I am also particularly pleased to represent the Institution of Fire Engineers. Fire safety engineers play a key role in addressing the risk to life and property from fire. Fire safety engineering is a young discipline, so engineering Chartership is vitally important to the progression and development of our industry.”
What is the award and who is eligible?
Launched on 3 November 1998 by WES, the Karen Burt Memorial Award is made annually to a newly Chartered woman in the following disciplines – engineering, applied science, IT.
The award recognizes the candidate's excellence and potential in the practice of engineering and highlights the importance of Chartered status, as well as offering recognition to contributions made by the candidate to the promotion of the engineering profession.
Who are the judges?
WES would like to thank the judges of the 2017 Karen Burt Award:
Sally Sudworth (Chair)
Swee Keow Goo
How are nominations made?
Each participating accrediting engineering Institution nominates one candidate annually, following the normal institutional review process, with final selection by a WES panel on the basis of further information provided by the candidate. This latter stage focuses particularly on the candidate's contribution to the promotion of the engineering profession. The collaboration strengthens links between WES and the engineering Institutions and helps raise the profile of women engineers and encourage them to attain Chartered status.
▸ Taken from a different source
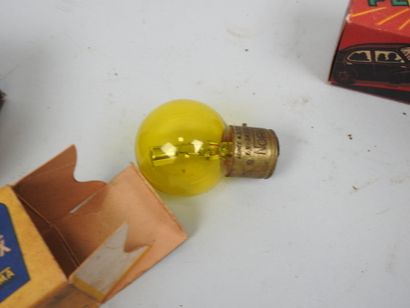 Lot of three new 6V headlight bulbs in original...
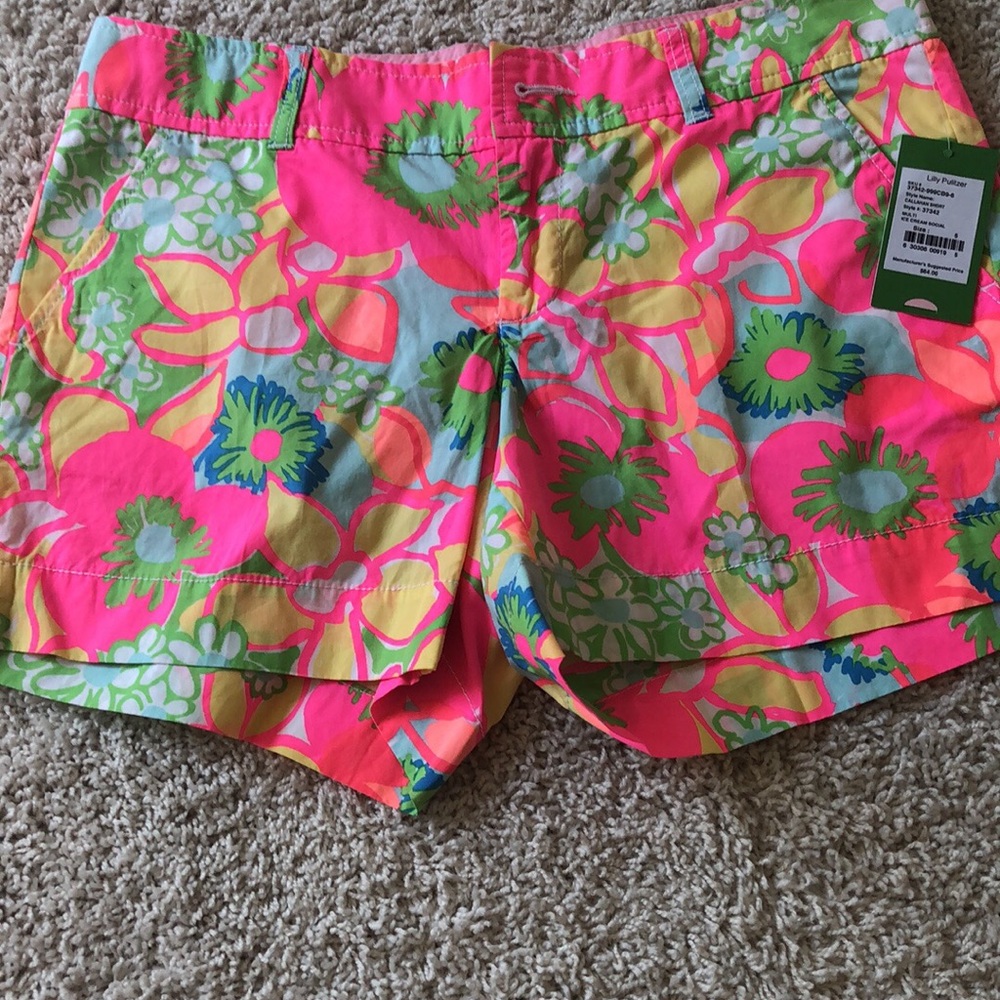 Shorts - Picture 2 of 3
Applications are now closed.
Further information on the Karen Burt Memorial Award
Individuals wishing to obtain further information about the award and the nomination procedure should in the first instance contact their own accrediting professional Institution. Institution managers who need further information should contact Cath Heslop at the WES office at email@example.com.
Who was Karen Burt?
As an active member and Council office holder in The Women's Engineering Society, Dr Karen Burt was a tireless campaigner for the recruitment and retention of women in science and engineering. From her own experience and her extensive research she was regarded as an expert in the management of career breaks and women 'returners' to engineering.
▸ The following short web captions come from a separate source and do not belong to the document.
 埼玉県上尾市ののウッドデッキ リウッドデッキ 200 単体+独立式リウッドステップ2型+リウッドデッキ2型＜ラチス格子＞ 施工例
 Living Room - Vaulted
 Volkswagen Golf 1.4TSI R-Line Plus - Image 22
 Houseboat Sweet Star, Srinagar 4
Karen graduated from Newnham College, Cambridge and obtained a PhD from Reading University in electron microscopy. She joined British Aerospace Systems at Stevenage as project engineer for scientific satellites and progressed to Senior Systems Engineer before developing an interest in management in the Total Quality Environment, and subsequently becoming Business Acquisition Manager.
Leaving BAe, she set up her own consultancy and was instrumental in establishing the Centre for Advanced Instrumentation Systems within University College, London. She had just accepted a position on the staff of UCL when her career was abruptly ended by a devastating stroke.
Karen is remembered as a gifted communicator and her fight to recover speech and mobility following her stroke was an inspiration to all who knew her.